Problema Raparasi Korban
PROBLEMATIKA PROSES PEMENUHAN HAK
KORBAN PELANGGARAN BERAT HAM DI INDONESIA
Oleh Rini Kusnadi *
Oleh Rini Kusnadi *
Pendekatan dan proses penanganan berbagai kasus pelanggaran HAM berat selama ini hanya berkutat pada penuntutan terhadap pelaku. Hal ini tentu bukan sesuatu yang ditentang. Namun hal yang sering luput di samping penuntutan terhadap pelaku adalah mengenai pemenuhan hak korban. Seringkali pemenuhan hak korban ini dimengerti sebagai sesuatu yang akan terjadi setelah proses hukum final. Sementara kita tahu bahwa hanya sedikit kasus pelanggaran HAM berat yang bisa masuk dalam proses peradilan (Kasus Timor Timur, Tanjung Priok, Abepura).
Yang ada itu pun pada akhirnya tidak memuaskan rasa keadilan karena para pelaku bebas. Alhasil, pemenuhan hak korban atas reparasi pun menjadi hal yang tidak dianggap ada. Ini menunjukkan bahwa korban belum menjadi bagian yang penting dalam proses penegakkan hukum di Indonesia. Padahal perkembangan pendekatan HAM universal telah mengarah pada sikap bahwa hak korban harus dipenuhi terlepas dari proses hukum atas kasus yang menimpanya. Artinya, ketika seseorang atau sekelompok orang menjadi korban, maka sepatutnyalah mereka menerima hak-haknya atas reparasi (pemulihan).
Pengertian dan ruang lingkup korban menurut Resolusi Majelis Umum PBB No. 40/34 tahun 1985 adalah orang-orang, baik secara individual maupun kolektif, yang menderita kerugian akibat perbuatan peraturan yang melanggar hukum pidana yang berlaku di suatu negara, termasuk peraturan yang melarang penyalahgunaan kekuasaan. Sedangkan Peraturan Pemerintah N0. 2 Tahun 2002 tentang Tata Cara Perlindungan Saksi dan Korban dalam Pelanggaran HAM berat menyatakan bahwa korban adalah perseorangan atau kelompok orang yang mengalami penderitaan sebagai akibat pelanggaran HAM berat yang memerlukan perlindungan fisik dan mental dari ancaman, ganguan, teror dan kekerasan dari pihak manapun.

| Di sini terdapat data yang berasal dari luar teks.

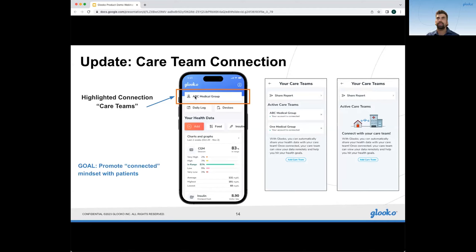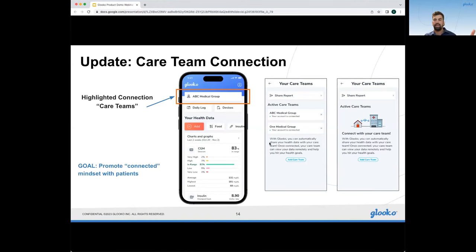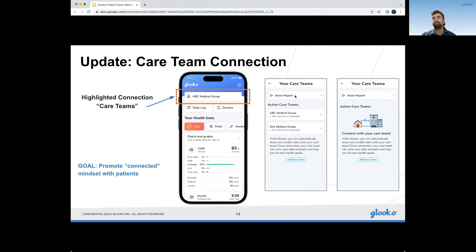Another update is highlighting the care team connection. When you invite a patient to Gluco from your HCP portal and they activate through the invite email or the QR code printout, and they create a password through the email sent out, they're automatically pro-connected to your clinic. Any data that they sync here gets sent to your portal for you to view. Any data previously synced in the clinic will be waiting for them when they access their patient account at home. Patients can also manually share reports and have a list of active care teams if they're connected to more than one site.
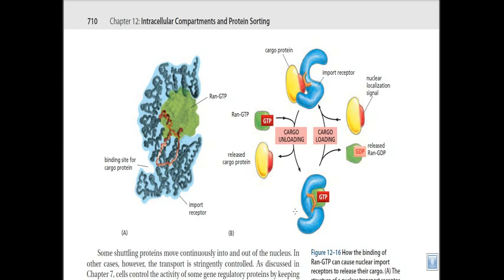So if it is bound with RanGTP protein, it shifts its conformation such that the cargo protein is released. The receptor with the cargo protein attached enters into the nucleus. As soon as it enters the nucleus, the RanGTP molecule attaches with the cleft and the cargo protein is released. After that, this molecule is exported outside the nucleus, and RanGTP is hydrolyzed into RanGDP using GAP — GTPase activating protein — in the cytosol. The importer receptor molecule is then free again.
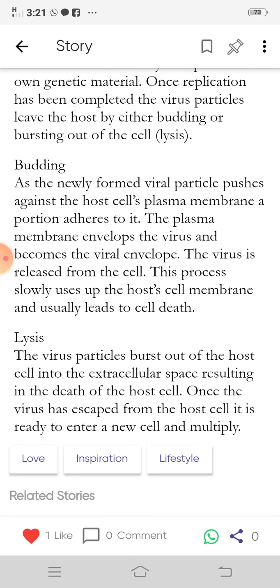In lysis, the virus particles burst out of the host cell into the extracellular space, resulting in the death of the host cell. Once the virus has escaped from the host cell, it is ready to enter a new cell and multiply.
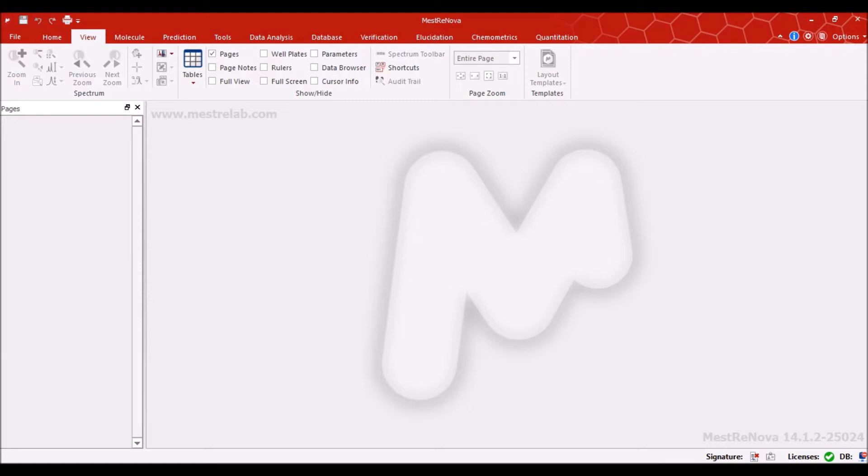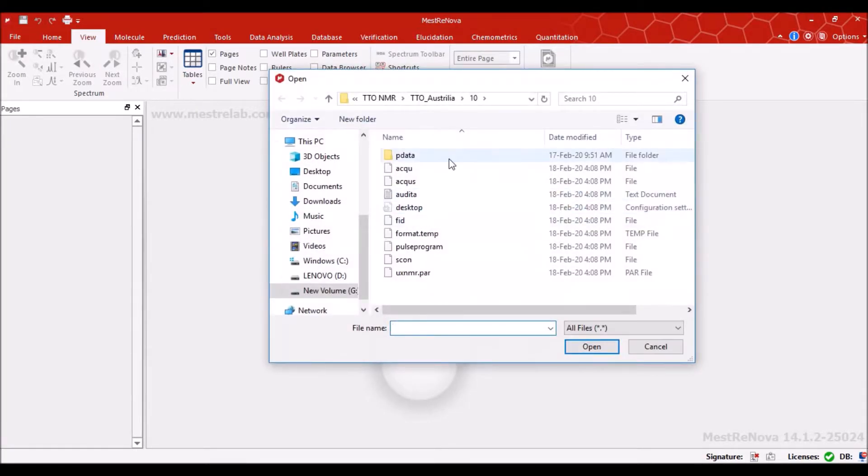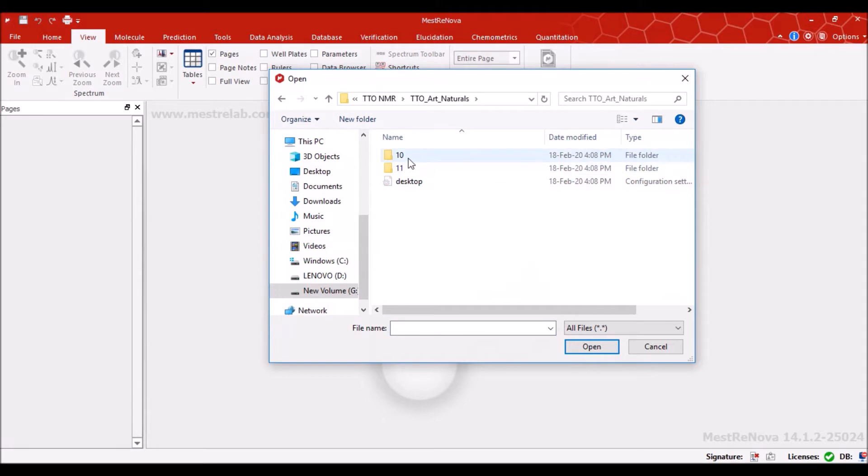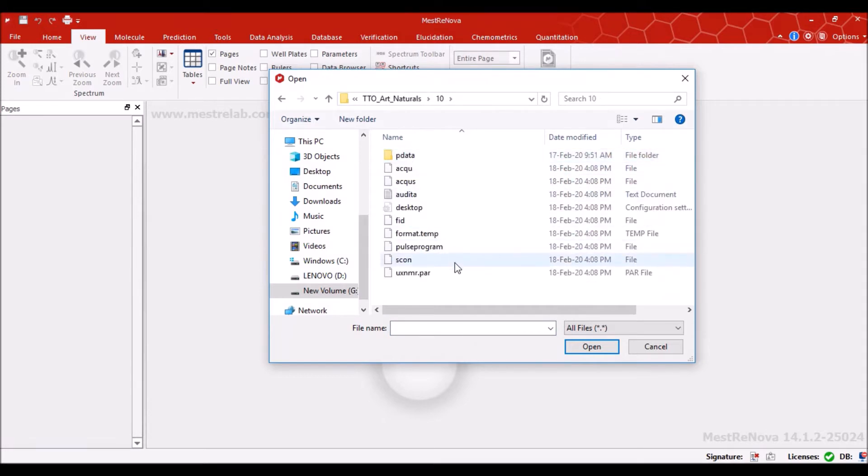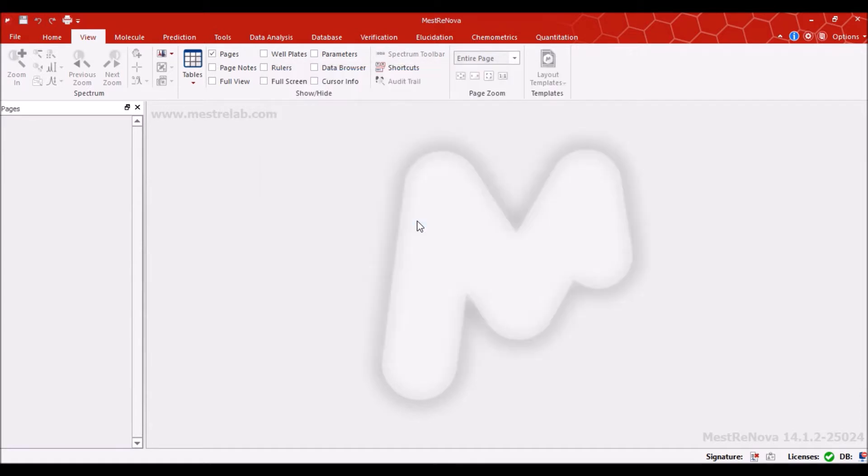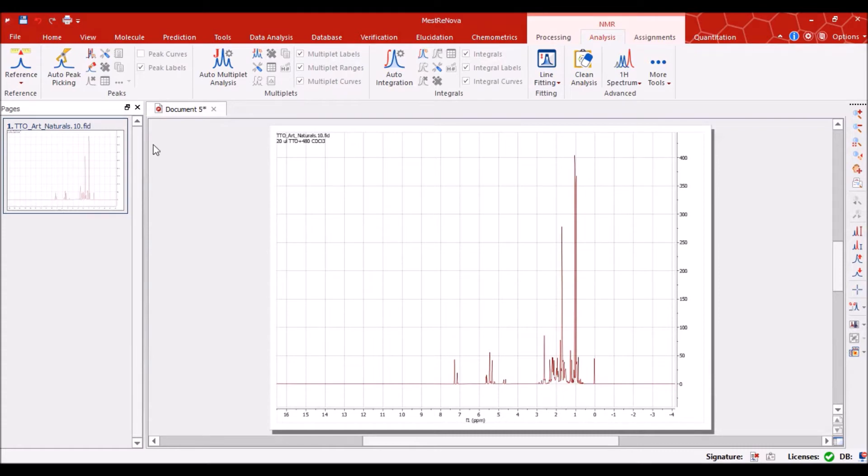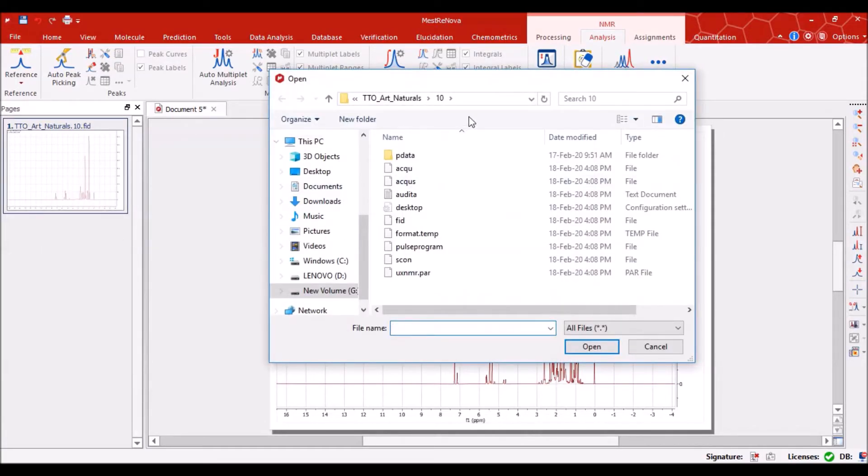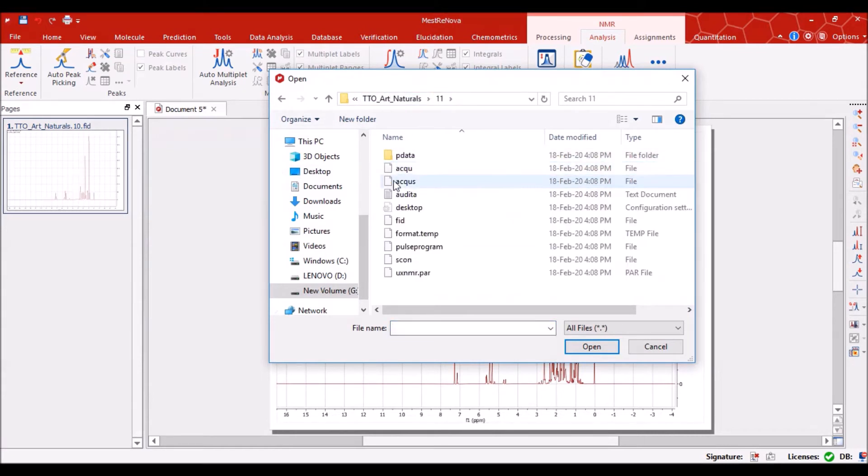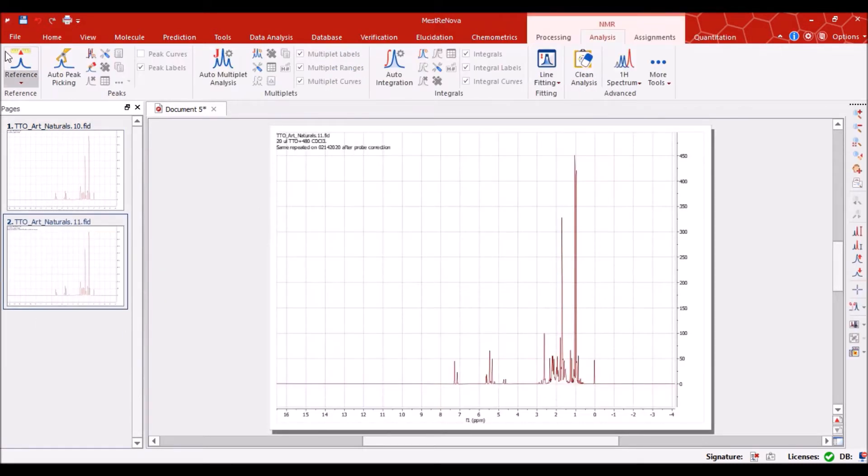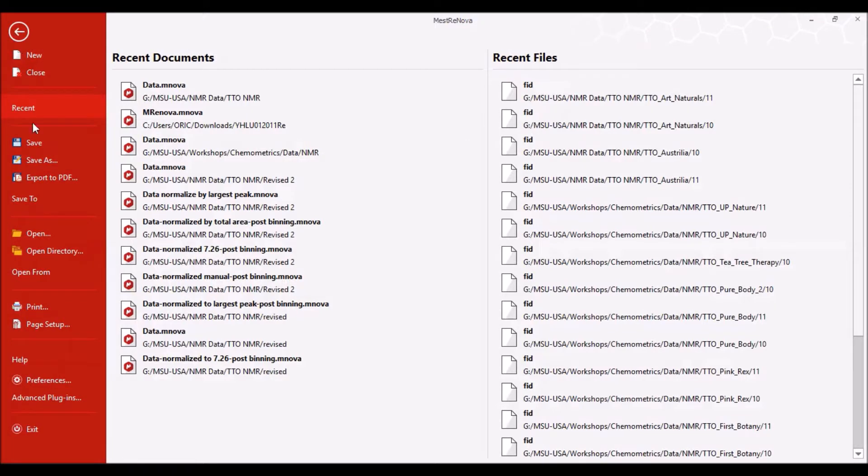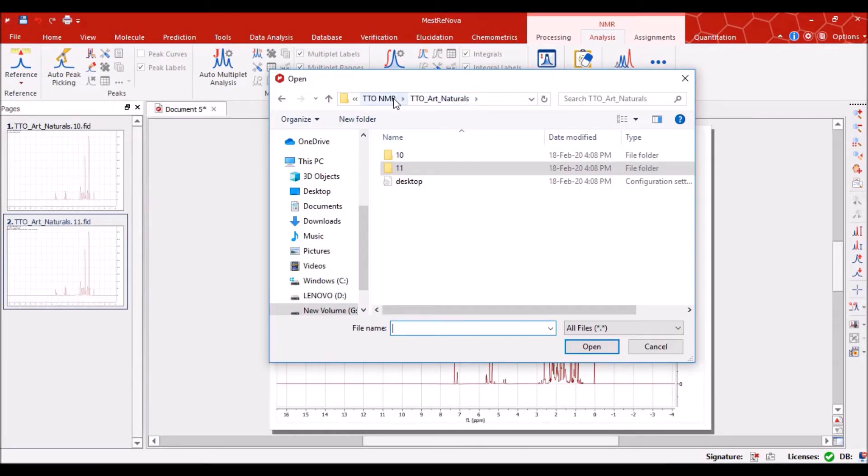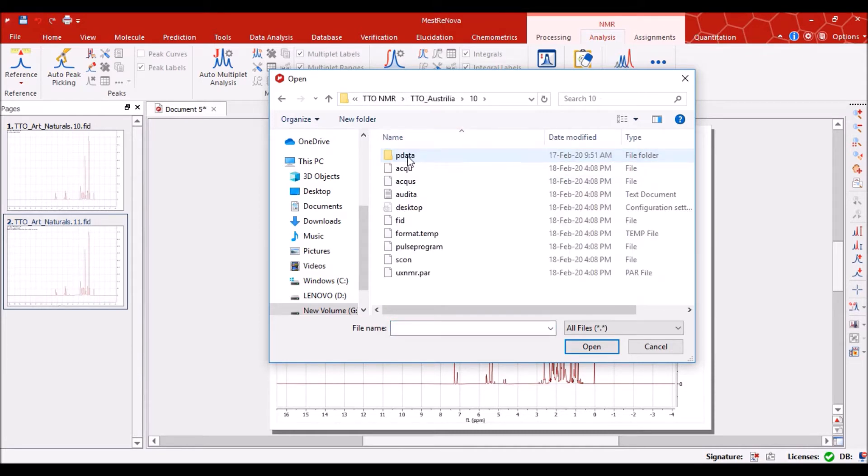So we start with opening this software the Mestre Nova and go to file and locate our spectra to open it in Mestre Nova. So the FID file of this targeted spectra is used by double clicking on it, then we go to file again to open the second spectra and FID file of the second spectra and so on. I will open few of these spectra.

Pemenuhan hak korban yang berupa reparasi ini diterjemahkan oleh Komisi HAM PBB sebagai upaya pemulihan kondisi korban pelanggaran HAM ke kondisi sebelum pelanggaran tersebut terjadi pada dirinya, baik menyangkut fisik, psikis, harta benda, dan hak status sosial politik korban yang dirusak dan dirampas. Upaya pemerintah untuk melakukan reparasi sudah diatur dalam Pasal 35 UU No. 26 Tahun 2000 menyatakan, ayat 1, bahwa korban pelanggaran HAM yang berat dan atau ahli warisnya dapat memperoleh kompensasi, restitusi dan rehabilitasi.
Ayat 2 menyatakan bahwa kompensasi, restitusi dan rehabilitasi sebagaimana dimaksud dalam ayat 1 dicantumkan dalam amar putusan Pengadilan HAM. Ayat 3 menyatakan bahwa ketentuan mengenai kompensasi, restitusi dan rehabilitasi diatur lebih lanjut dengan peraturan pemerintah.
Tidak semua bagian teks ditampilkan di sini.